Is there an option to autosave the data in the dataset after every nth annotation ?
Yes, annotations are saved automatically once a full batch (via the
batch_size setting, which should default to 10) is collected. Prodigy allows you to undo/change annotations in the “history” in the sidebar. After that, they’re sent back to the server in batches. The only time you have to save manually is when you want to stop annotating in the browser, to ensure that the entire history and outbox is cleared and saved.
It seems even with batch_size=1 the auto-save is 2 examples behind, so if you just close the window at the end of a labeling session you lose the last 2 labels. For example I had labeled 14 examples in the UI, but only had 12 in the DB until I hit the “save” button manually. Is there a way to fix this?
Any ideas how this could be fixed? Debugging the bundle.js sounds a bit painful since it’s minified… Without autosave working correctly on every example, it’s hard to make other things work like surviving page refreshes/closing the browser.
I’ve posted an idea in the thread referenced above:
The main thing is that this should be decoupled from the batch size and become a separate setting – either
instant_submit or even a number of maximum answers to keep (if set to
0, this would mean every answer is saved immediately). You could still combine it with a batch size of 1, which would have the effect you’re looking for – but users could also send out larger batches while still having answers sent back instantly (e.g. to do single updates to the model or trigger something else on every update).
So this is definitely something I can implement for the next release.
Awesome! Looking forward to it.
@taavi What do you think of the name
answer_batch_size for the setting?
I first wanted to call it
auto_save_threshold, but that’s possibly too cryptic.
answer_batch_size is analogous to the regular batch size setting and ultimately, that’s really what it is: it’s the number of examples sent back to the server at once. Prodigy will wait until one batch is full. So setting
"answer_batch_size": 1 means that we only need to wait for one answer == auto-save.

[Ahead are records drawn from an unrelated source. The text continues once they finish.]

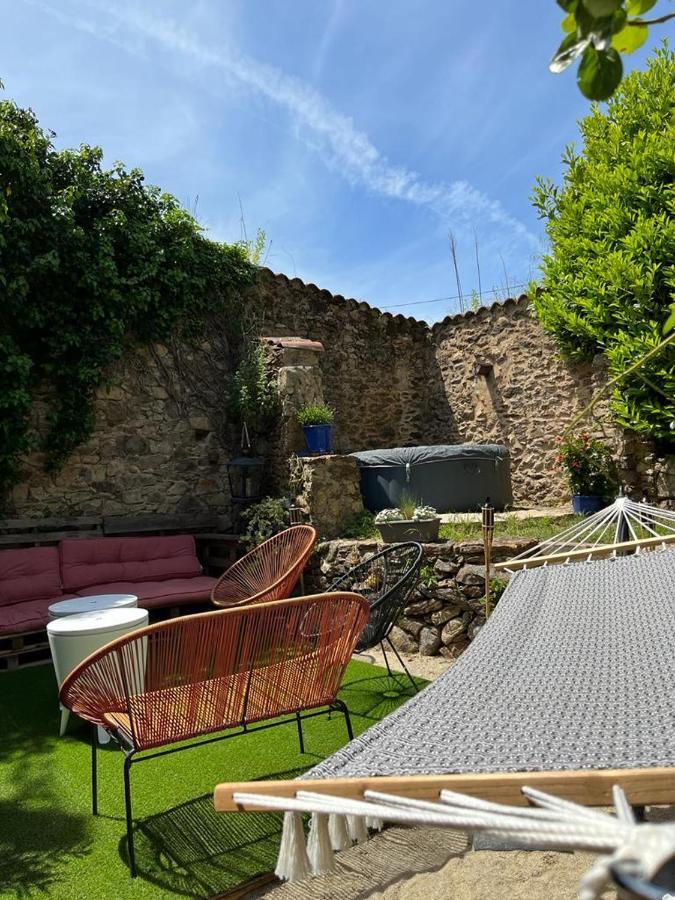 Le Hameau De Bannes Morlhon-le-Haut Exterior foto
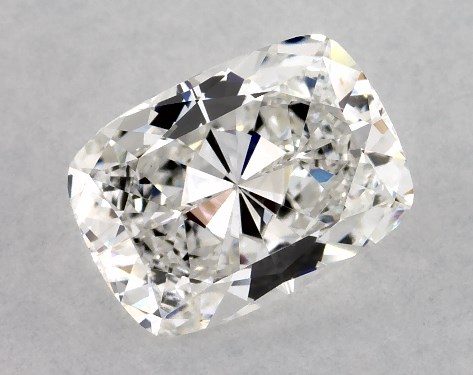 GIA 1.22 Carat F-VS1 Very Good Cut Cushion Modified Diamond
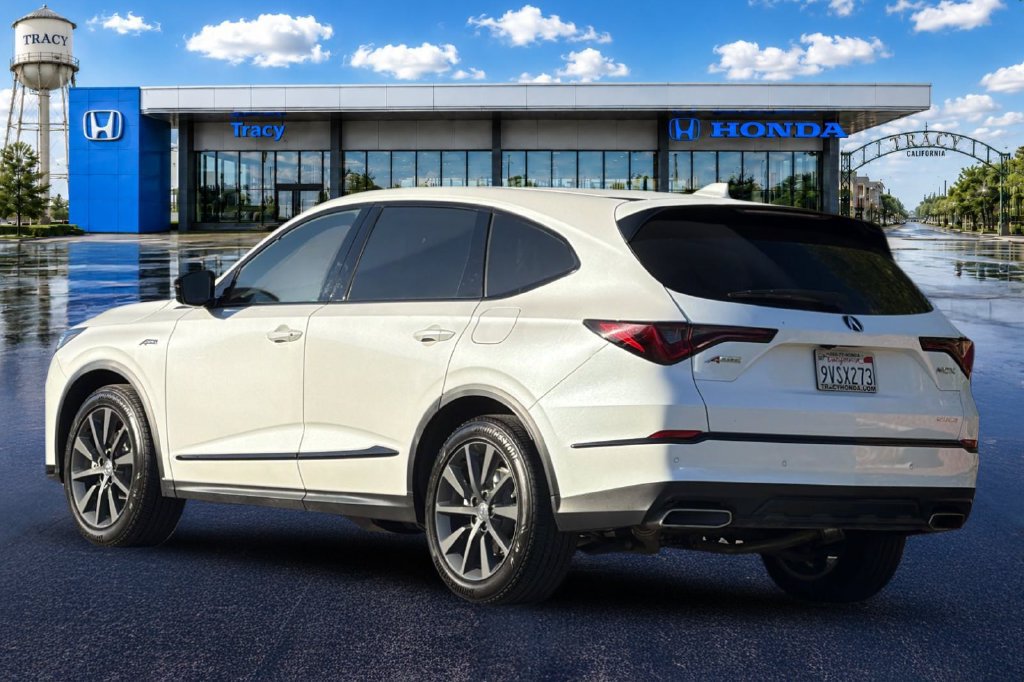 Used 2026 Acura MDX A-Spec AWD/4WD image 10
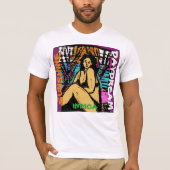 SUNSHINE DAYDREAM INDICA T-SHIRT (Voorkant)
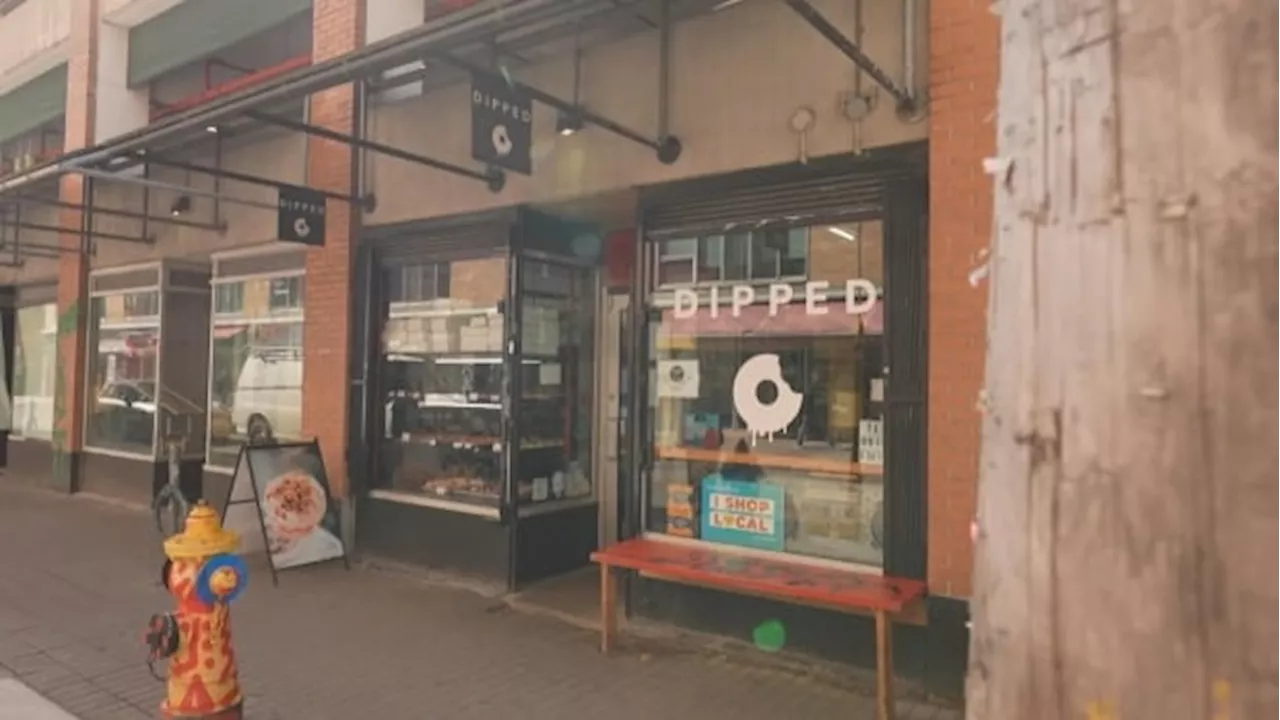 Kensington Market doughnut shop facing double the rent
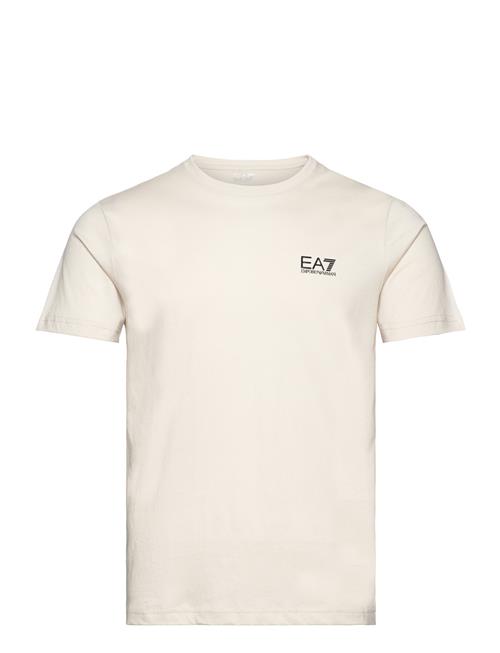 EA7 T-Shirt EA7 Cream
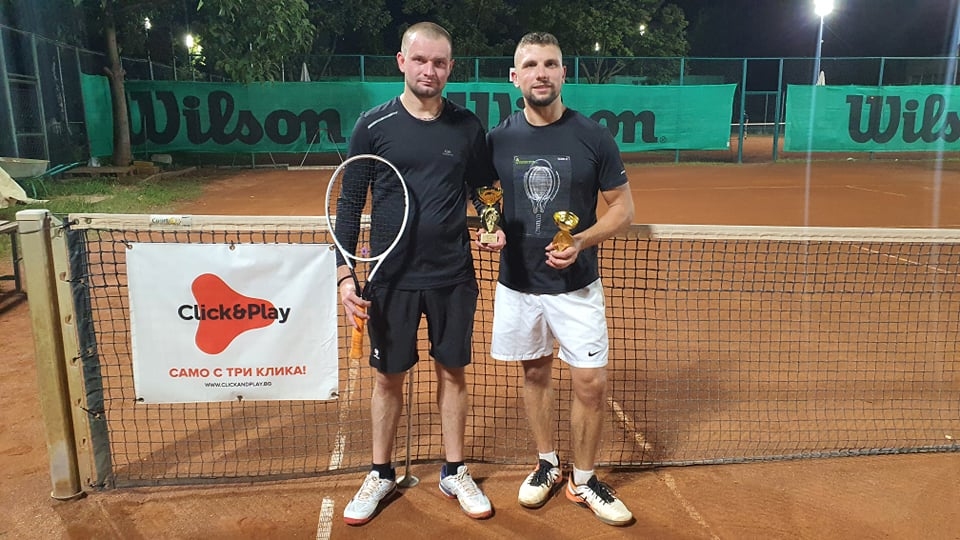 Владислав Искренов триумфира в Седмия вечерен турнир на Интерактив тенис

Sounds good to me. I’m not too picky about the setting name
Hi @ines – will this enable the use case from the other thread linked above? I’m hoping that when a user submits an answer, it goes immediately to the db, so that the data iterator can query the DB in its
__iter__() method, and choose the very next item to yield based on the user’s answer. I’m only asking because
answer_batch_size=1 sounds like there might still be a batch that would cause a delay of 1 – that is a “wait for one answer”. But I might just be thinking about it wrong. Thank you so much for your help on this!
An answer batch size of 1 would mean that as soon as there’s 1 answer in the app, it gets sent back.

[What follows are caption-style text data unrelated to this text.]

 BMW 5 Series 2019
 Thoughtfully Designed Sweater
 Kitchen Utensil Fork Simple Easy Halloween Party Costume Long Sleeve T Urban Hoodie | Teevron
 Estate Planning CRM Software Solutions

For your scenario, there’s still a more problem that’s more difficult to solve in general: you cannot know how long the requests will take. While the answer is sent back, a new batch will already be requested (also since the queue is empty) and it will most likely arrive before the answer is received, stored in the database and retrieved from there in your stream.
Prodigy tries its best to always make sure that there are enough questions – after all, annotation can be pretty fast and the annotator should never see a “Loading…” message in between. You could probably work around that by just waiting to yield out the next task until you have the previous one – but once you’ve implemented that, you might find that it creates a pretty frustrating annotation exprience.
This sounds like it will work perfectly for our use case, where we are not concerned about a few seconds of “Loading…” while waiting to yield. Any sense for when a version of Prodigy with the new
answer_batch_size parameter will be released?
It’s the last ticket on my list for Prodigy 1.7.!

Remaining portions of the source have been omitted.